**** SOURCE MATERIAL ****

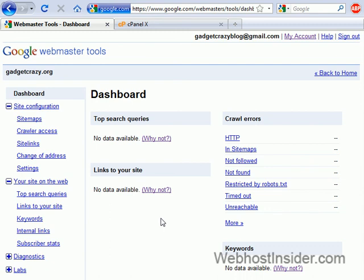There'll be more information obviously once the website's set up and you'll get more as time goes on. But that's the basic process. Thanks, guys.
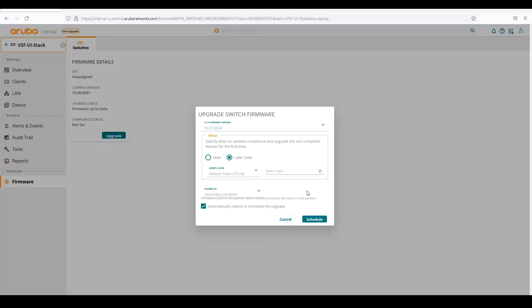Those are the main enhancements I think that we have with central 254 coming out. Thanks for joining. Appreciate any feedback you want to leave in the comments. We would greatly appreciate that. Thank you very much.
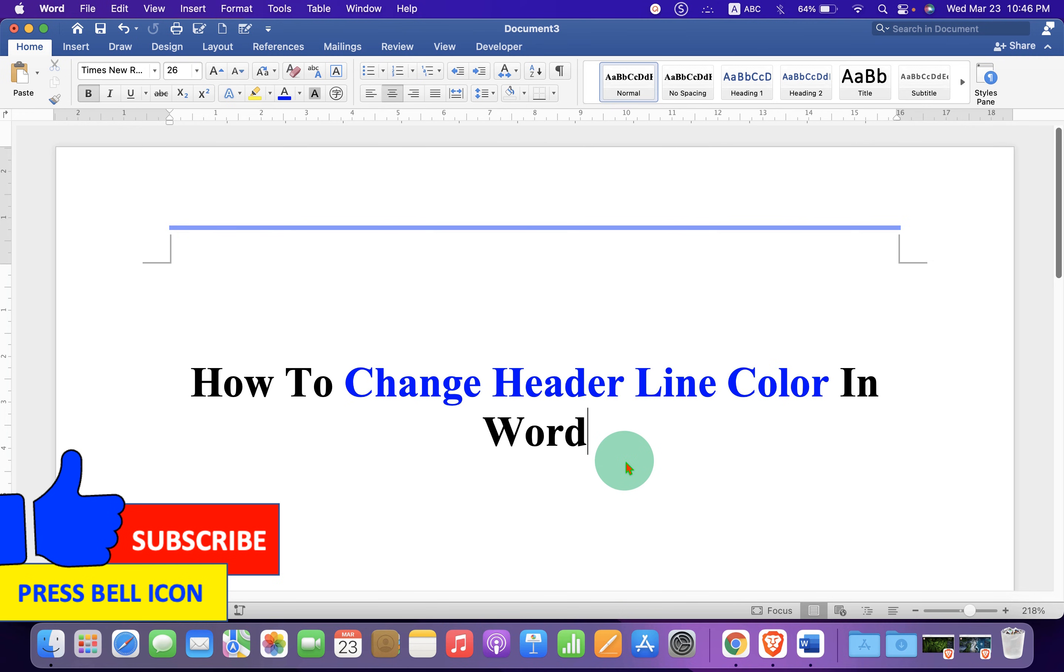Now, check out these useful videos shown on screen to know more about Microsoft Word. Click that like button, subscribe and press the bell icon to support the channel. Thank you.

****

## WORK REQUIRED
From the line containing "Those are the" through the last line of the data above, write out every line word for word, and nothing else. Do not include the pictures.

## RESULT OF THE EXERCISE
Those are the main enhancements I think that we have with central 254 coming out. Thanks for joining. Appreciate any feedback you want to leave in the comments. We would greatly appreciate that. Thank you very much.
Now, check out these useful videos shown on screen to know more about Microsoft Word. Click that like button, subscribe and press the bell icon to support the channel. Thank you.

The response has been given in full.